JPH05241124A - Liquid crystal display device - Google Patents

Abstract

PURPOSE:To enhance the reliability of a device by suppressing power consumption and reducing the number of wiring between printed boards. CONSTITUTION:This device is a liquid crystal display device arranging a pixel electrode on one side printed board in a matrix shape and providing a transistor 104 on at every pixel and active-matrix-driving and a counter electrode being a common electrode normally is divided parallel to a scanning line at every row and a shift register 103 driving the counter electrode, a T flip-flop 110 and a voltage changeover switch 111 are formed on the printed board of the counter electrode side and the potential of the counter electrode is inverse-driven at every one frame or at every one row.

Description

Detailed Description of the Invention

[0001]

BACKGROUND OF THE INVENTION 1. Field of the Invention The present invention relates to a liquid crystal display device for displaying images and the like.

[0002]

2. Description of the Related Art Liquid crystal display devices that display by utilizing the orientation of liquid crystals have been used from the initial display of simple numbers and symbols such as clocks and calculators to the recent high-definition image display such as televisions. In particular, in the case of a liquid crystal display device, a small device such as a portable TV is expected because the screen can be made thin.

The first requirement for a mobile device such as a portable television is that it be lightweight. In electric equipment, it is not uncommon for a power source such as a battery to drive the electric equipment to occupy most of the weight in particular, and it is a very important factor that the power consumption is as small as possible and a low-capacity power source can be driven for a long time.

However, in the case of the conventional liquid crystal display device using the TN liquid crystal, in order to prevent the phenomenon called sticking peculiar to the liquid crystal panel and improve the reliability, the potential applied to the pixel is inverted at regular intervals. Was normal. Normally, the TN liquid crystal is driven by 0 to 5V, but in order to perform this inversion, ± 5V with respect to the common electrode of constant potential,
That is, it is necessary to input a signal having an amplitude of 10 V, and the power consumption is doubled. As a means for solving such a problem, for example, as disclosed in JP-A-58-49989 and JP-A-60-163091, the potential of the counter electrode is inverted between positive and negative. There is a driving means whose amplitude is reduced to half.

[0005]

According to the above-mentioned prior art, although it is possible to surely reduce the power consumption, any means for controlling the potential of the counter electrode is provided on the substrate on the pixel electrode side. Further, since it is common to the control means of the gate of the transistor of the driving circuit, a large number of wirings are required between the upper and lower substrates, the manufacturing process is complicated, the yield is low, and the reliability of the device is low.

[0006]

The present invention is a liquid crystal display device which solves the above problems. That is, the present invention is a liquid crystal display device in which a liquid crystal is sealed between two substrates via a spacer, and a voltage is applied between electrodes provided on each substrate to control the orientation of the liquid crystal to perform display. One of the substrates is an active matrix substrate in which pixel electrodes are arranged in a matrix and transistors are arranged for each pixel electrode, and the other electrode is divided into parallel electrodes and the potential control of the opposite electrodes A liquid crystal display device is provided with means.
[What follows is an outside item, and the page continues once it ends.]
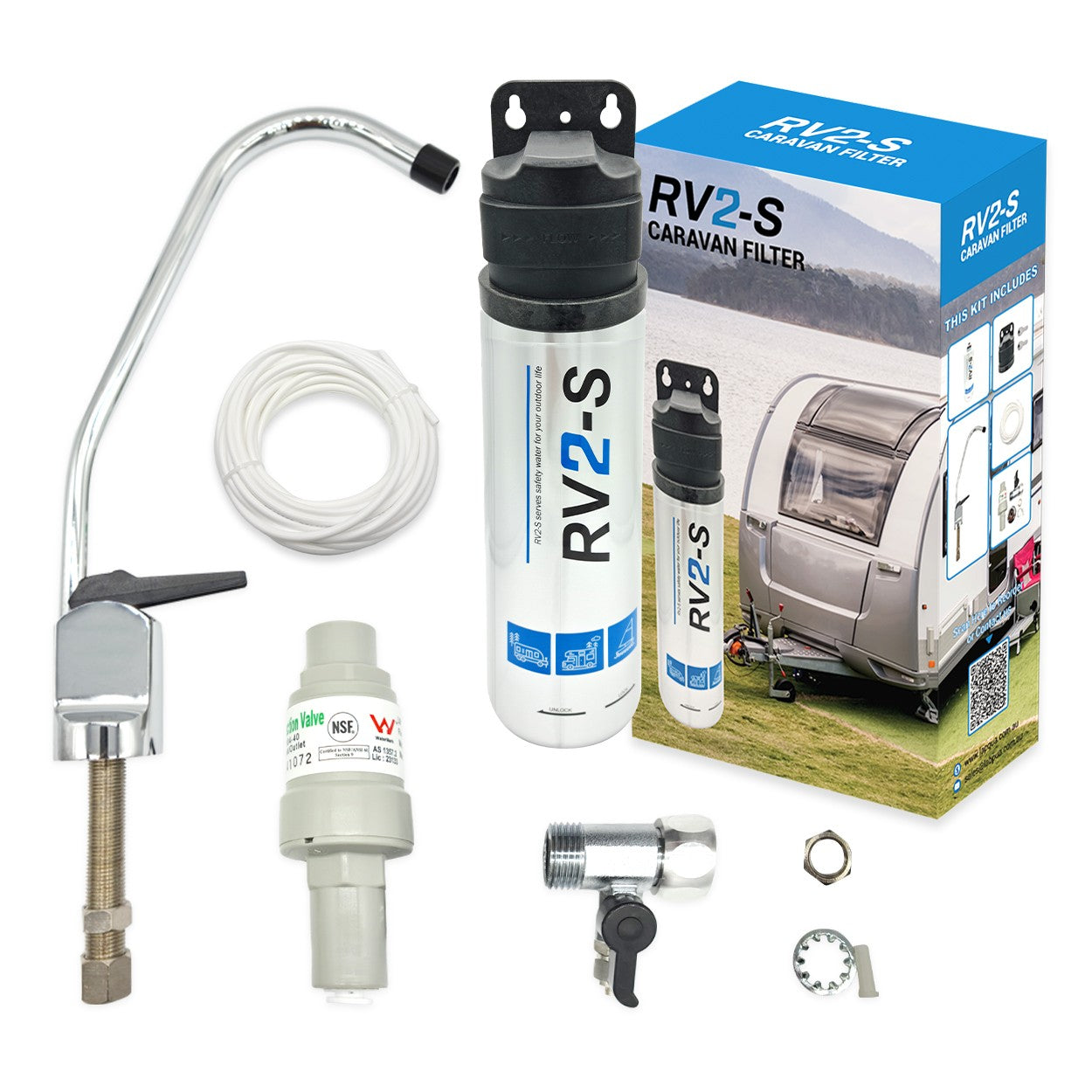 Mobile Home Water Filter System AB Caravan Filter  with Dedicated faucet Set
According to the present invention, the potential control means for the counter electrode, specifically, the shift register, the T flip-flop, and the voltage changeover switch in the embodiments described later are provided on the counter electrode side substrate so that two substrates are provided. The number of wires between can be minimized. Further, by dividing the counter electrode in parallel with the scanning line and inverting each potential row by row or frame by frame, it is possible to drive with power consumption of an effective value as in the conventional case.

The potential control means according to the present invention and the transistor installed in each pixel are not particularly limited,
A bulk transistor formed on a single-crystal Si substrate that has been used in the conventional reflection type or a transmission-type polycrystalline or amorphous Si transistor is preferably used, and preferably a single-crystal Si thin film is formed on a transparent substrate. A TFT (thin film transistor) is used. Further, as the other capacitance driving circuits and the forming methods thereof, conventional ones can be preferably used.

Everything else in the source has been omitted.